Here’s a practical way to decide between them. If the assignment is narrative-heavy-think persuasive essays turned into slides, book reports, case study overviews-Gamma handles it cleanly. Paste in your thesis and supporting points, let the AI draft the deck, then edit. The output tends to feel more polished out of the box, with better visual storytelling.
If the assignment demands precision-data-heavy research presentations, technical demos, proposals with strict formatting requirements-Smallppt’s slide-by-slide approach gives the control needed to get details right. It won’t auto-generate a full deck as quickly, but the individual slides come out more customizable.
And PowerPoint? It still works. Nobody’s saying otherwise. For students who already know their way around it and enjoy the design process, it remains a capable tool. The shift isn’t about PowerPoint being bad.

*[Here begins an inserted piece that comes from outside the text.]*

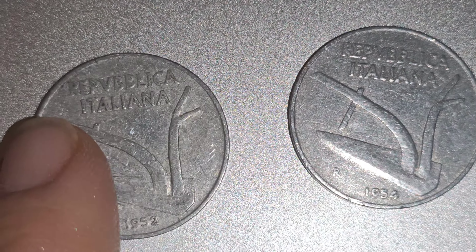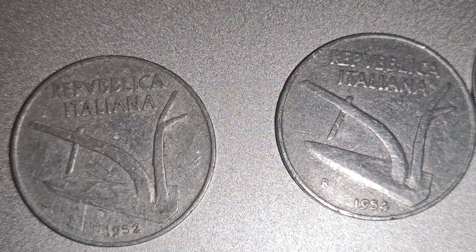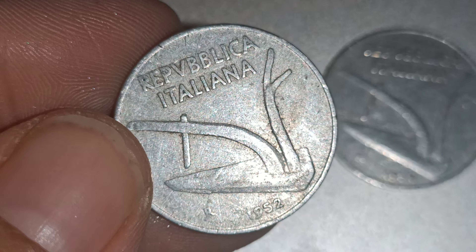For example, the 1952 — over 100 million of those were made. Over 100 million. So it's a really common coin. People like to collect them from different countries, so it's a nice coin to collect.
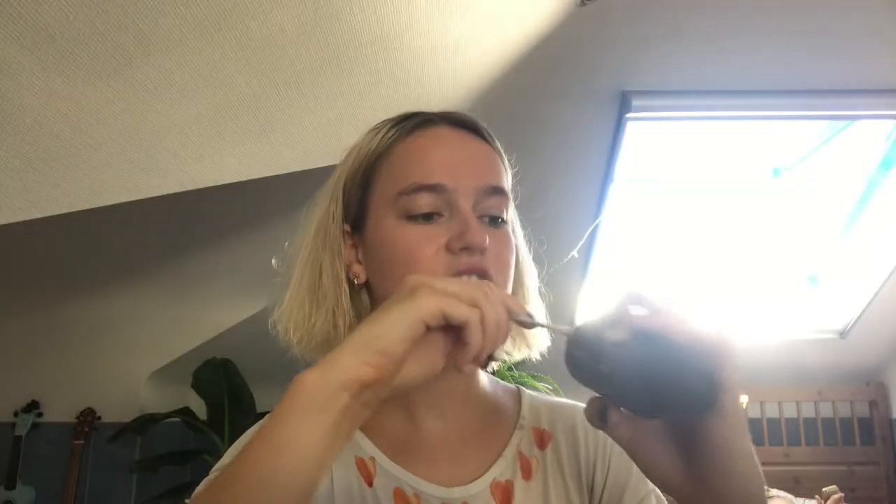I also wanted to make a video because my nails are black and white and I thought it looked super cool. This is the amount of hair dye we have — it's more than I thought, so that's good.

It’s about time being limited and these alternatives being faster for most student use cases.
Some professors care about the tool used. Most don’t. They care about clear communication, logical flow, and evidence that the student understood the material. Both Gamma and Smallppt export to standard formats. The slides look indistinguishable from PowerPoint-made decks in the final output.
Priya presented her capstone the next afternoon. The slides were clean, the structure was tight, and she spent her prep time rehearsing her argument instead of troubleshooting layout issues. She got an A-minus-docked a point for rushing through one section, not for slide quality.
Marcus presented later that week. His technical deck earned praise from his advisor, who assumed he’d hired a designer. He hadn’t. He’d spent that time debugging his actual code instead.
Both students kept using their respective tools for the rest of the semester. Neither opened PowerPoint again.